In Happened we usually focus on the past — I mean, note the past tense of the title and all. But January 11 is a good day to put a different spin on that, because one of the things that happened on this day in the deep past — back in Roman times, in fact — was Carmentalia. It was a festival of the goddess Carmenta, and it was all about both the past and the future. Carmenta, you see, had two sisters who acted as her attendants: Postvorta and Antevorta. Postvorta was the personification of the past, and Antevorta represented the future.
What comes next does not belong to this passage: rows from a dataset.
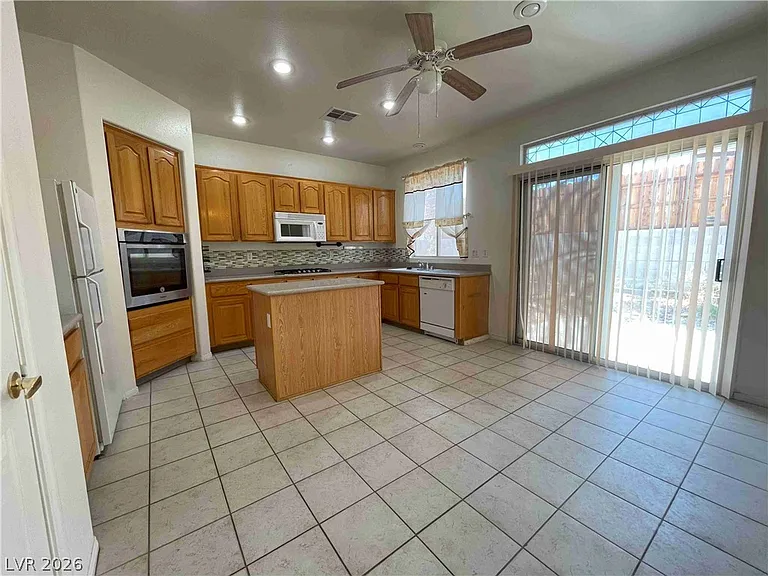 531 Curtin Ct — Photo 7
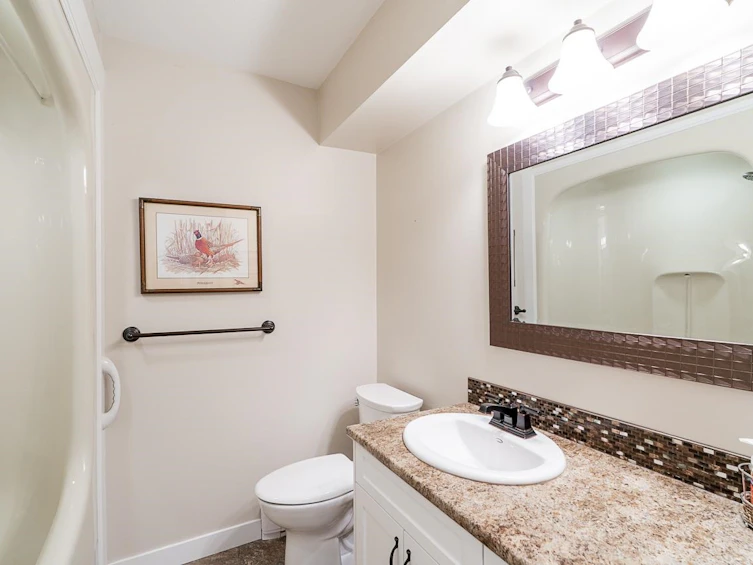 206-9109 154 Street, Surrey, BC, V3R 9G8 - 24
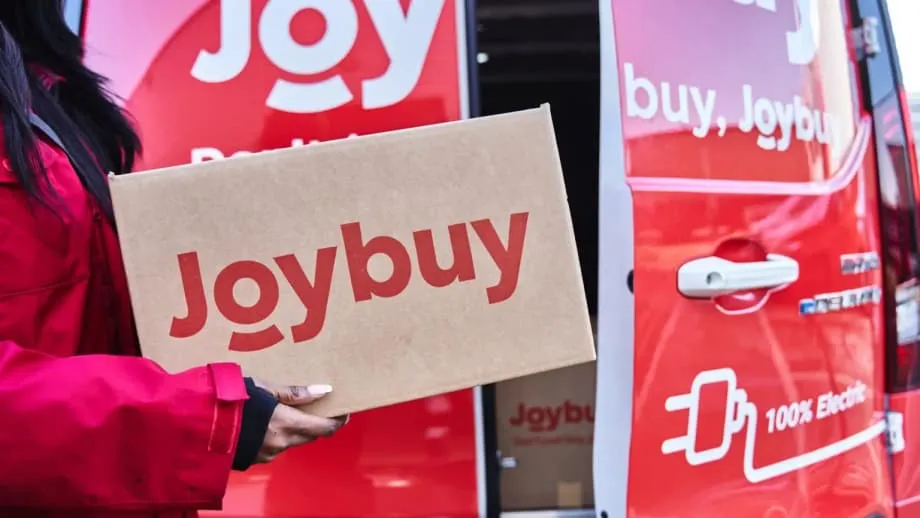 चीन की JD.com ने Amazon को चुनौती देने के लिए ब्रिटेन में उसी दिन डिलीवरी के साथ Joybuy लॉन्च किया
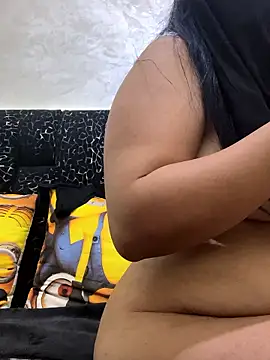 lara9Qouin's Webcam Show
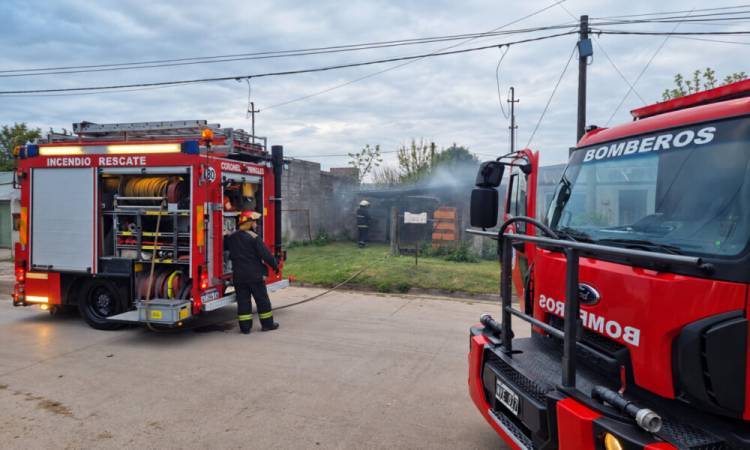 Una mujer de 75 años sufrió quemaduras en el 60 por ciento de su cuerpo tras un incendio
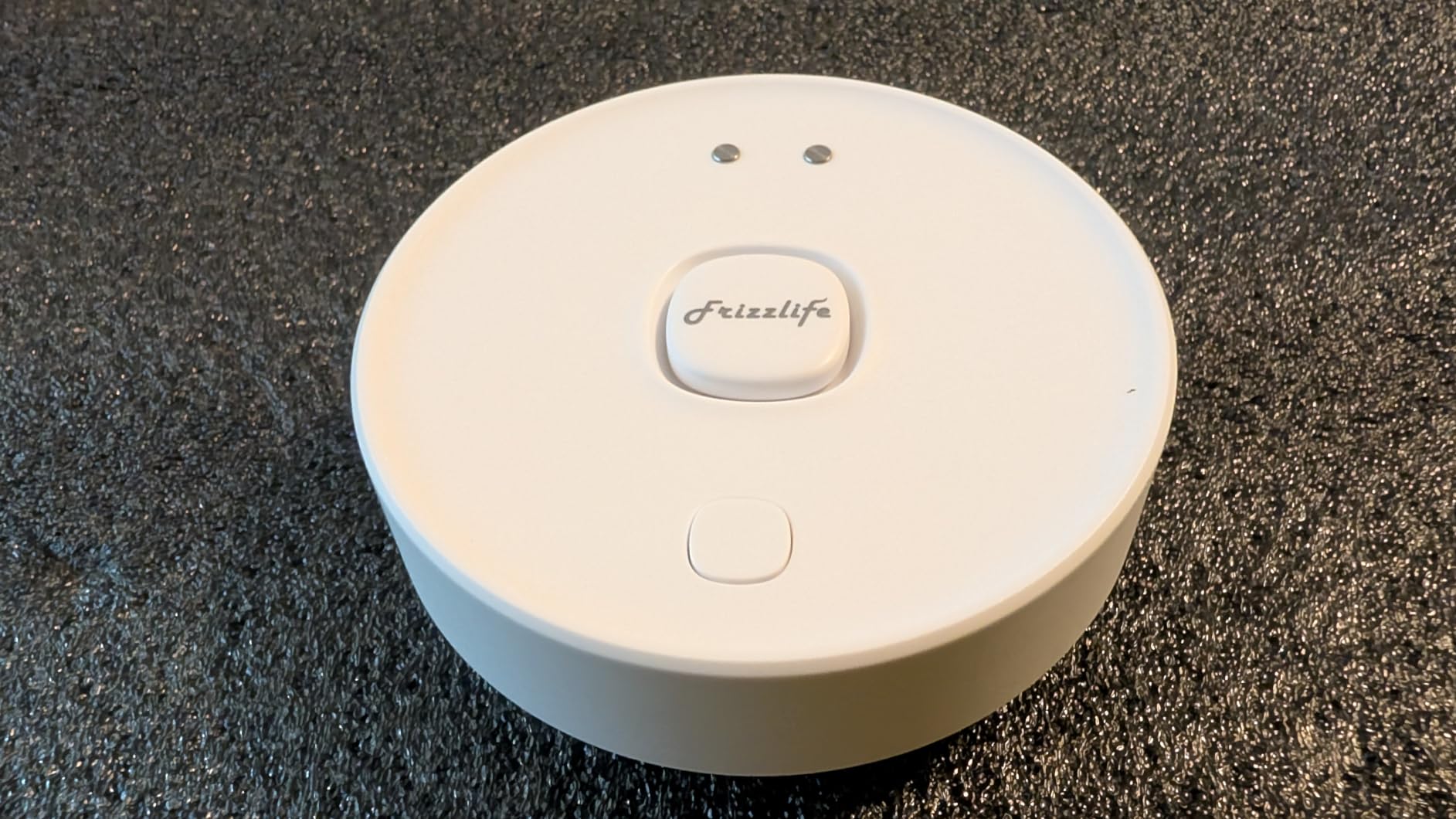 Frizzlife LPG365-P Smart Water Automatic Shutoff Valve W/ 3 Leak Sensors, 0.01 GPM Ultrasonic Micro Leak Detection,Wi-Fi/App Enabled Flow Meter, Pressure+Flow Monitor, 24/7 Water Usage Reports,3/4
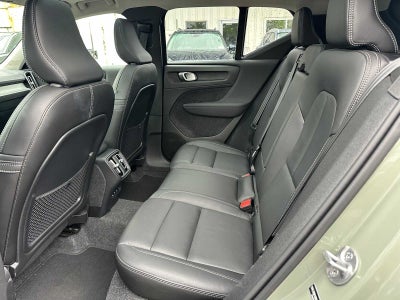 2025 Volvo XC40 Plus Bright Theme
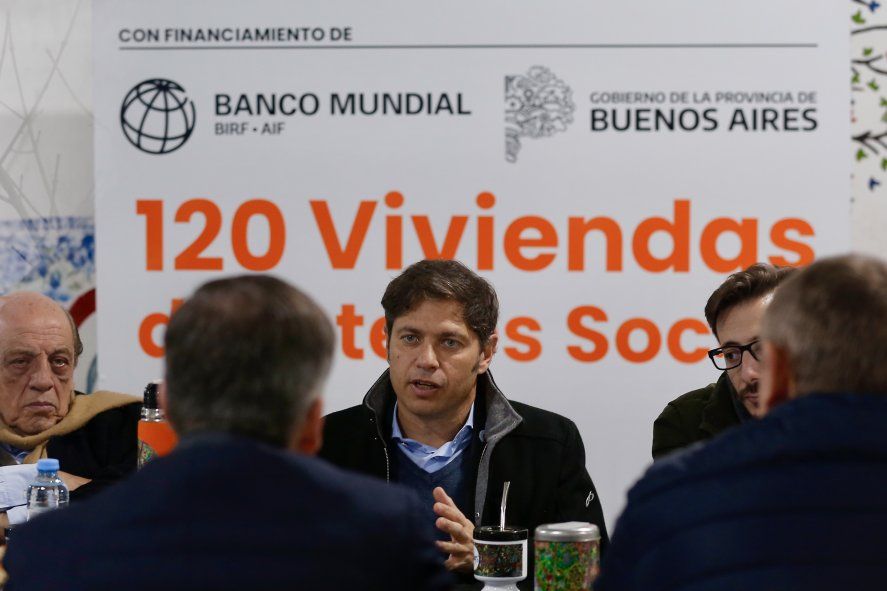 Axel Kicillof participó de la recorrida por Berazategui junto al intendente Juan José Mussi y representantes del Banco Mundial.
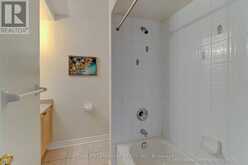 211 FRANK ENDEAN ROAD | Richmond Hill Ontario | Slide Image Seventeen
One of Carmenta’s powers was prophecy, and the festival, as far as we know, included songs about the past and what was yet to come. But the goddess also represented childbirth, and Postvorta and Antevorta also represented births where babies were born head first (that was Postvorta) and feet first (Antevorta’s area).
Carmenta as Nicostrate/Nicostrata by Guillaume Rouille (1500s)
Nowadays not much is remembered about Carmeta, her attendants, her acolytes, or Carmentalia, her festival. Plutarch, who was actually a Greek philosopher and writer, became a Roman citizen and among other things, wrote about Roman culture. He noted that Carmenta was worshipped by the women of Rome more than any of the other gods. Part of that reverence probably had to do with Carmenta’s association with childbirth. In those days, even in civilized Rome, a baby had only about a 30% chance of living to be an adult. So childbirth — and foretelling what was likely to happen — was something that probably occupied a lot of expectant mothers’ minds. It still does today, I think — and not just expectant mothers. Reflecting on the past, at least our own personal pasts, and considering what the future might have in store might be among the things that all of us have in common.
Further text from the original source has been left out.